Het zou mij niet verwonderen, als dit boek van Schmidt binnenkort een belangrijke rol ging spelen in de bijna dagelijks grooter wordende litteratuur rondom de zoogenaamde „theologie der crisis”. Het kon wel eens zóó worden, dat dit zorgvuldig bewerkte en aantrekkelijk gebouwde boek den naam verwerven ging van een definitieve afrekening met de dialectische theologie te bevatten. Daarom verdient dit werk een breeder bespreking, dan in een korte aankondiging onder andere rubriek mogelijk is.

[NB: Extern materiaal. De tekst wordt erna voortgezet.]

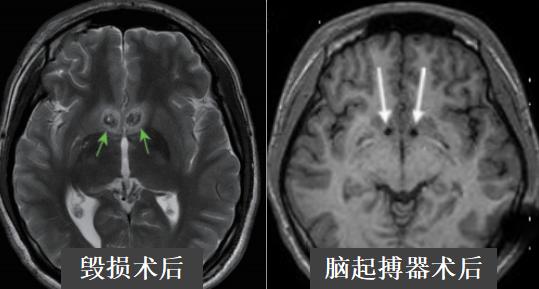 脑起搏器dbs是什么意思,dbs脑起搏器哪里做最好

Laat mij allereerst mogen trachten den hoofdinhoud weer te geven van Schmidt’s boek. Het bestaat uit drie gedeelten, waarvan het eerste (S. 1-156) bedoelt te geven een kritische bespreking van de dialectische theologie, bijzonderlijk in haren blik op het probleem van tijd en eeuwigheid. In dit hoofddeel komt allereerst Barth's theologie ter sprake (S. 23-75), nadat in een inleidend hoofdstuk zeer interessant over een oudere en een jongere phase van Barth's theologie gehandeld is (S. 12-22). Vervolgens neemt de schrijver Emil Brunner's openbaringsbegrip onder kritiek en maakt het in dit hoofdstuk (S. 76-107) inderdaad Brunner niet gemakkelijk om met reden te kunnen staande houden, dat zijn aansluiting aan het Marburger Nieuw-Kantianisme slechts „propaedeutische” beteekenis zou hebben, gelijk Brunner nog niet zoo lang geleden nog in het Zeitschrift für |181| Theologie und Kirche beweerde. Schmidt legt met fijnen kritischen zin het „Geistschema” van het Marburger logicisme in Brunner's theologie bloot.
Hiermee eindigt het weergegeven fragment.